> [YOUR OBJECTIVE]
Go to the line with "Snapshot of MILA__06" in the entries below and write out every line from there through the line with "3401 Ocean Drive", exactly and without pictures.

> [RECORD SET]
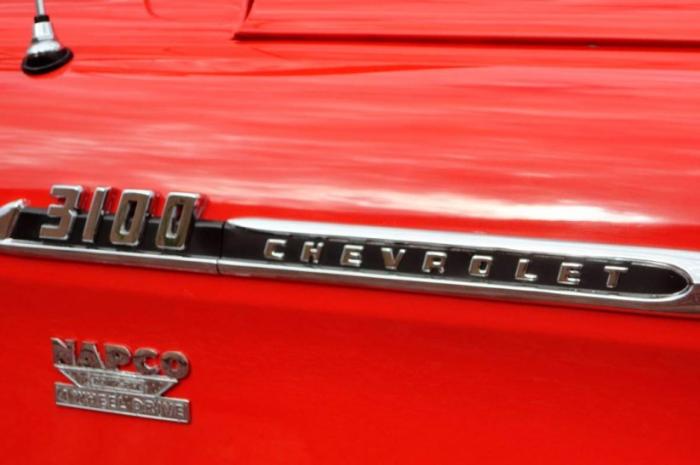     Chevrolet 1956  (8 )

--

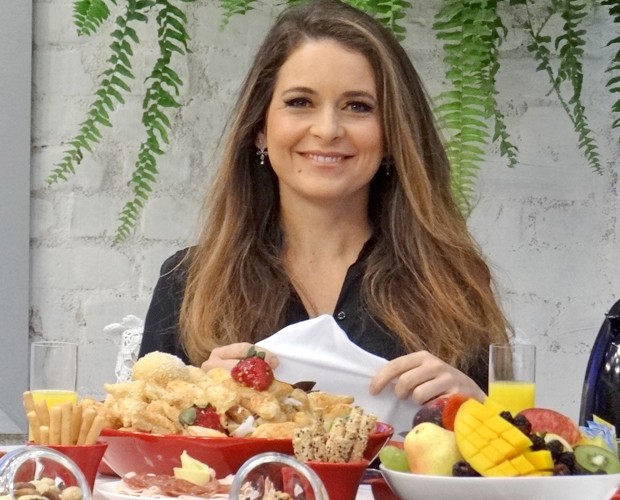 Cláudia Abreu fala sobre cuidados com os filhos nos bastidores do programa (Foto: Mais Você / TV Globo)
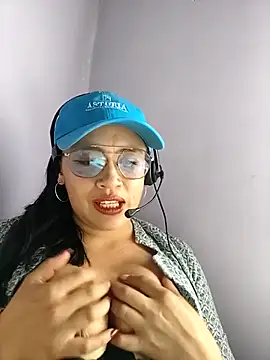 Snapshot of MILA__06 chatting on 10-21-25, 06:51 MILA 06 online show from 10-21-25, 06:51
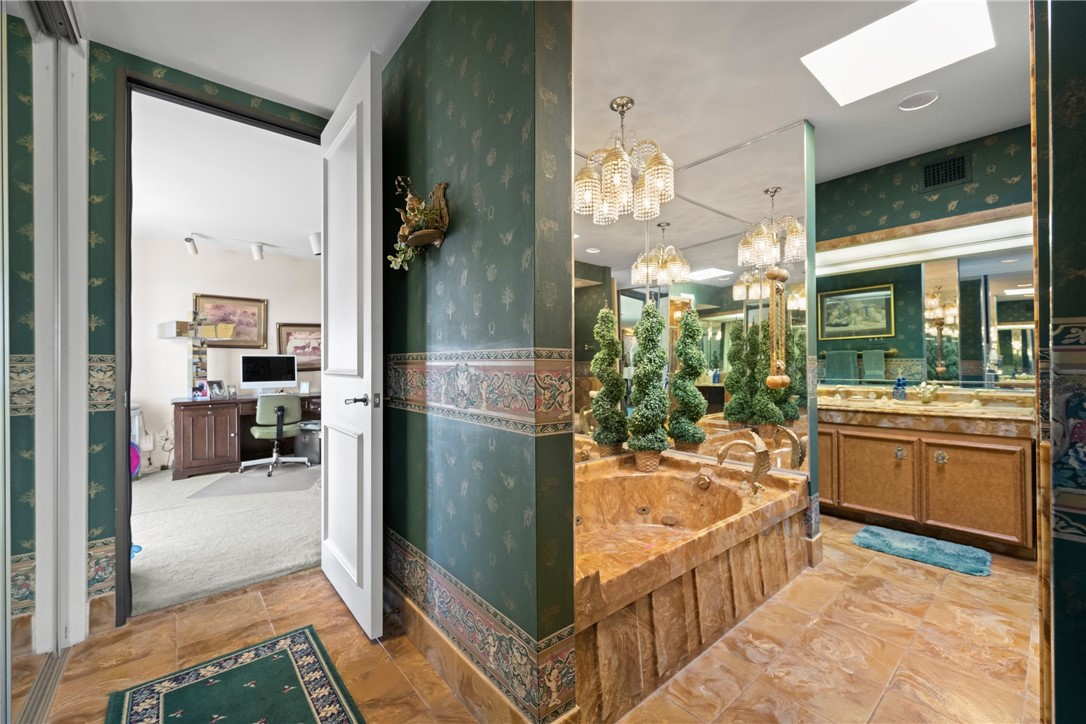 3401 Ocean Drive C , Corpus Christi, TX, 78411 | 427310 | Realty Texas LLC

--

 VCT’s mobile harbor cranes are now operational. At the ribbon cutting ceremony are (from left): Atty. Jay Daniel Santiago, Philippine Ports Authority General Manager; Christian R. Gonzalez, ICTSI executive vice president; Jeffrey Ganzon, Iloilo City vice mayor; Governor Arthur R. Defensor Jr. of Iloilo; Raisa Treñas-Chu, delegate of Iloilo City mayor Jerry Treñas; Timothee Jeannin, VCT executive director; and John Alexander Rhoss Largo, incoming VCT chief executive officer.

> [THE COMPLETED TASK]
 Snapshot of MILA__06 chatting on 10-21-25, 06:51 MILA 06 online show from 10-21-25, 06:51
 3401 Ocean Drive C , Corpus Christi, TX, 78411 | 427310 | Realty Texas LLC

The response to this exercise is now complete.